THE PROBLEM: Keep the pictures out. Restate the entries below word for word.

Extracted records:
▬▬▬

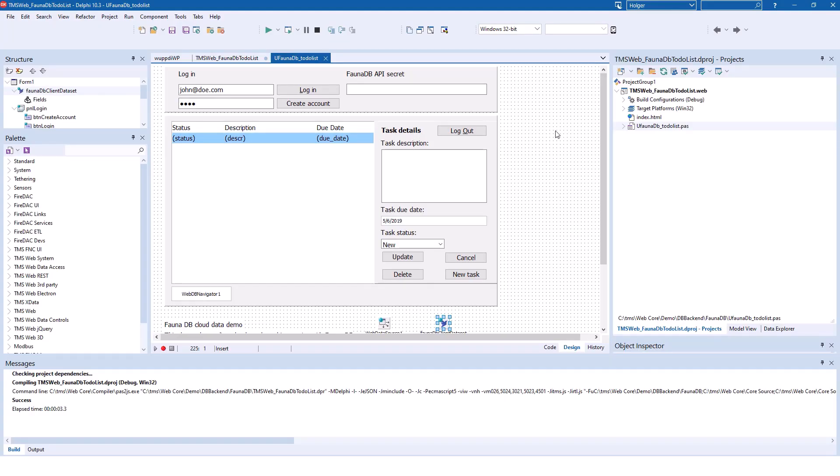TMS provides you with a great example to learn about the new technology. The documentation gives you explicit instructions how to create the database on the FaunaDB side, how to create your user account, and how you can get started without paying any fees or anything. So, there is a free package that allows you to test all the features in detail.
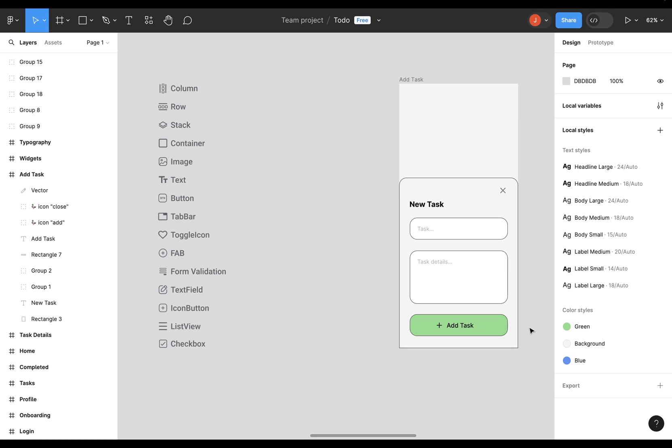In this video, we're going to build this bottom sheet for adding new tasks. So first, we'll design it, and then we'll implement the logic.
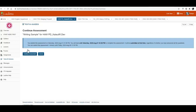We'll click on it, and it tells me that I already started this assessment because I was experimenting with this tool before I created the video. So if you hadn't started yet, you would get a message telling you when the due date is and how much time you have to complete the assessment.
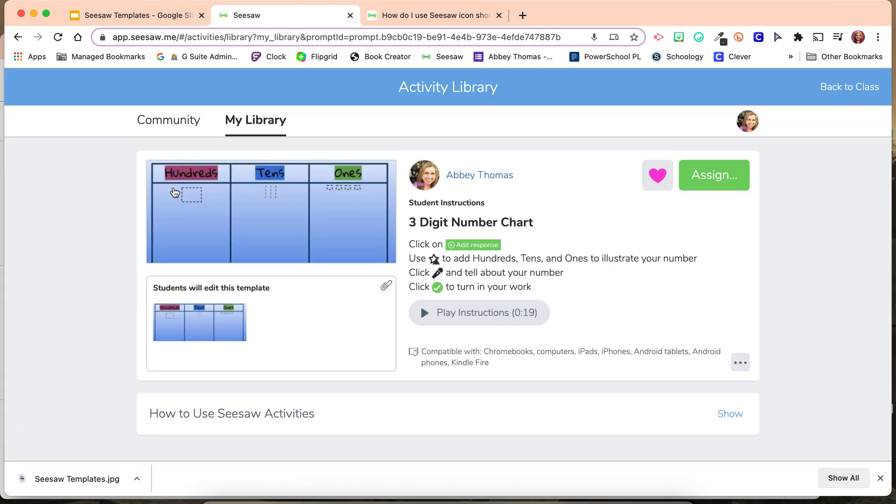Now, I have an activity ready for my students to work on. I can assign it right from here, or wait until a later date.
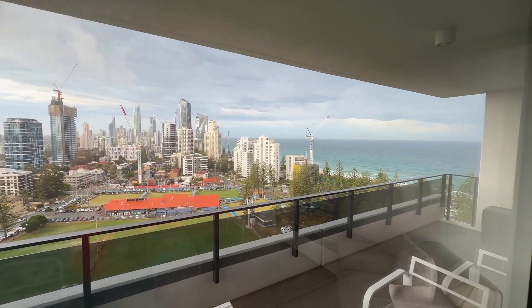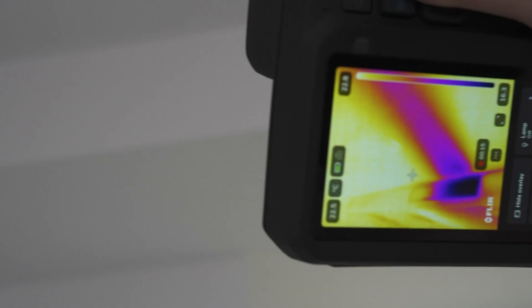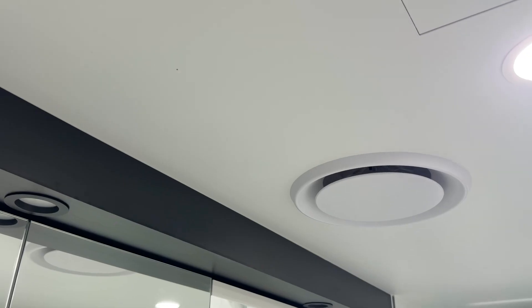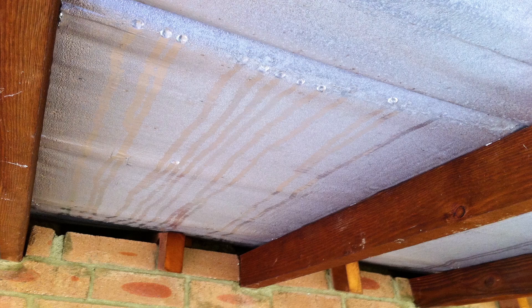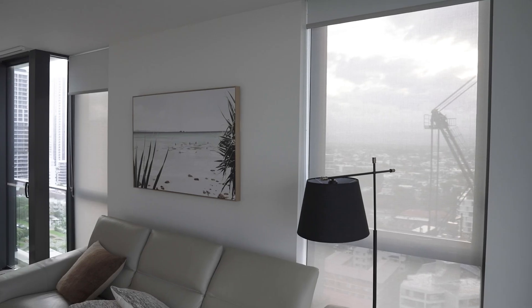Some people believe in the misconception that an apartment shouldn't be too airtight or you'll get mould. However, if we rely on a leaky apartment for fresh air and managing mould, you could increase your chances of mould forming in the apartment walls, which can allow mould spores to then enter your home or apartment. In humid areas of Australia, an airtight dwelling is actually helping you to control mould because it contains the air for you to dehumidify. If it's too leaky, you can't dry out the air.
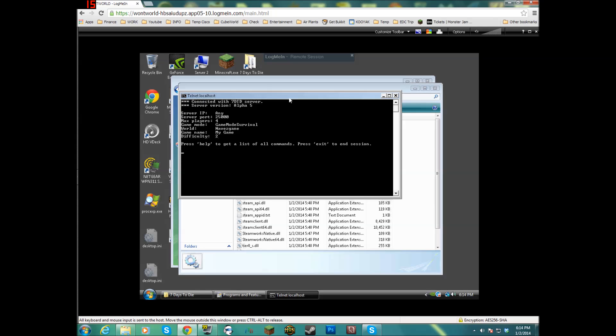So if you have that problem where it says that the Telnet is not a recognized command or whatever, just install the Telnet Client and that'll fix the problem.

▬▬▬

TASK OUTPUT:
TMS provides you with a great example to learn about the new technology. The documentation gives you explicit instructions how to create the database on the FaunaDB side, how to create your user account, and how you can get started without paying any fees or anything. So, there is a free package that allows you to test all the features in detail.
In this video, we're going to build this bottom sheet for adding new tasks. So first, we'll design it, and then we'll implement the logic.
We'll click on it, and it tells me that I already started this assessment because I was experimenting with this tool before I created the video. So if you hadn't started yet, you would get a message telling you when the due date is and how much time you have to complete the assessment.
Now, I have an activity ready for my students to work on. I can assign it right from here, or wait until a later date.
Some people believe in the misconception that an apartment shouldn't be too airtight or you'll get mould. However, if we rely on a leaky apartment for fresh air and managing mould, you could increase your chances of mould forming in the apartment walls, which can allow mould spores to then enter your home or apartment. In humid areas of Australia, an airtight dwelling is actually helping you to control mould because it contains the air for you to dehumidify. If it's too leaky, you can't dry out the air.
So if you have that problem where it says that the Telnet is not a recognized command or whatever, just install the Telnet Client and that'll fix the problem.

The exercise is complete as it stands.